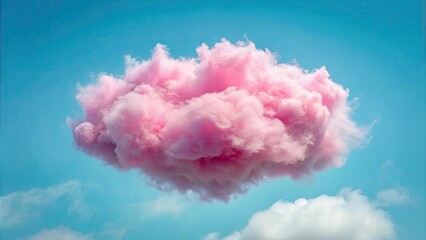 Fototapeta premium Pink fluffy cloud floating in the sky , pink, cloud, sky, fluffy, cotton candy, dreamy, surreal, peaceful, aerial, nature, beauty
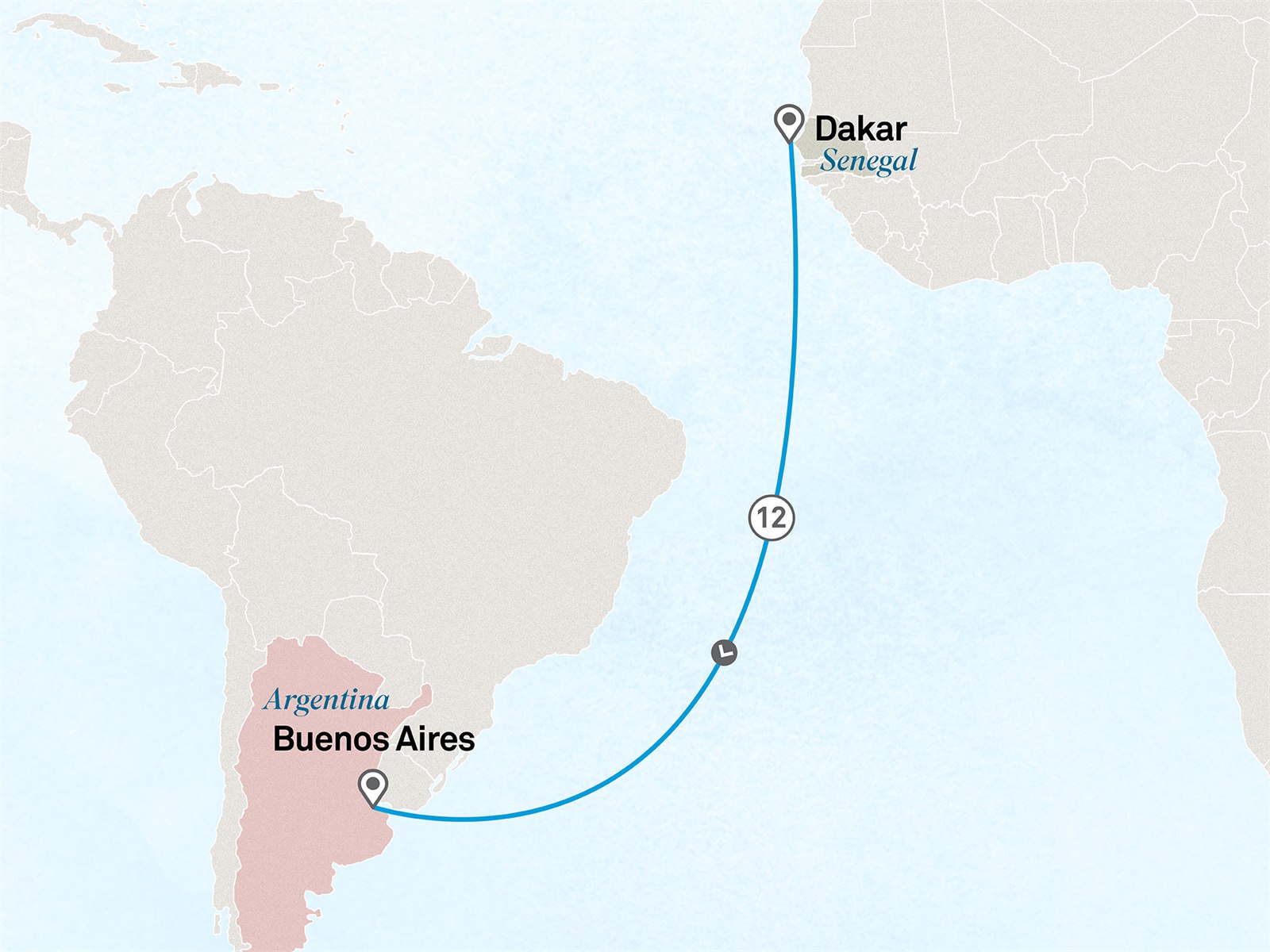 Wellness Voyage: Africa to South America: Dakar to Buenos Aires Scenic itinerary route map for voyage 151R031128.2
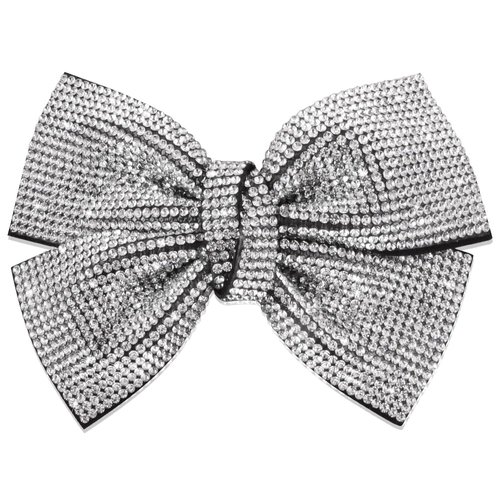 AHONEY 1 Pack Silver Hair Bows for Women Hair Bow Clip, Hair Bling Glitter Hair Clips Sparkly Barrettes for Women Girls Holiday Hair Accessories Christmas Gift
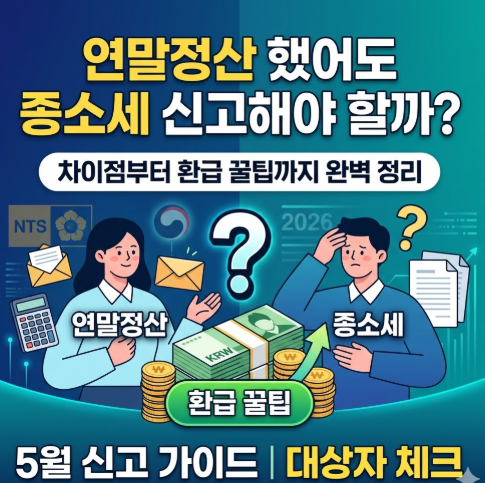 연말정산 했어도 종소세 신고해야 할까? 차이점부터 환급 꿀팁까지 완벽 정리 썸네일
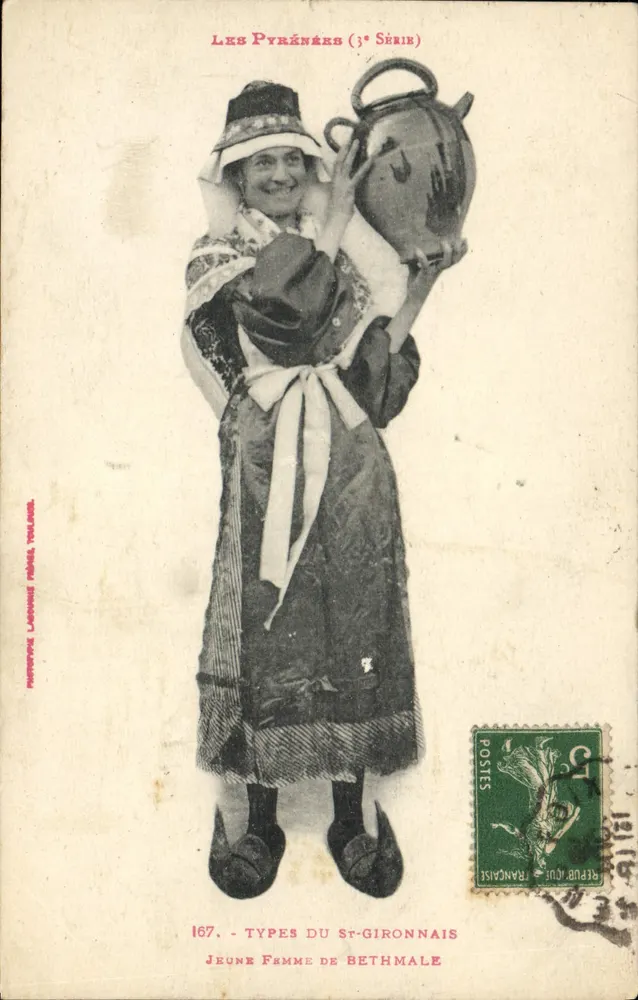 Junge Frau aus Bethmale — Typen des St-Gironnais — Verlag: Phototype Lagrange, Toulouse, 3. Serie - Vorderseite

Problem details
Your output should consist solely of the lines from the line containing "AHONEY 1 Pack" through the last line of the entries, verbatim, minus any pictures.

Solved problem
 AHONEY 1 Pack Silver Hair Bows for Women Hair Bow Clip, Hair Bling Glitter Hair Clips Sparkly Barrettes for Women Girls Holiday Hair Accessories Christmas Gift
 연말정산 했어도 종소세 신고해야 할까? 차이점부터 환급 꿀팁까지 완벽 정리 썸네일
 Junge Frau aus Bethmale — Typen des St-Gironnais — Verlag: Phototype Lagrange, Toulouse, 3. Serie - Vorderseite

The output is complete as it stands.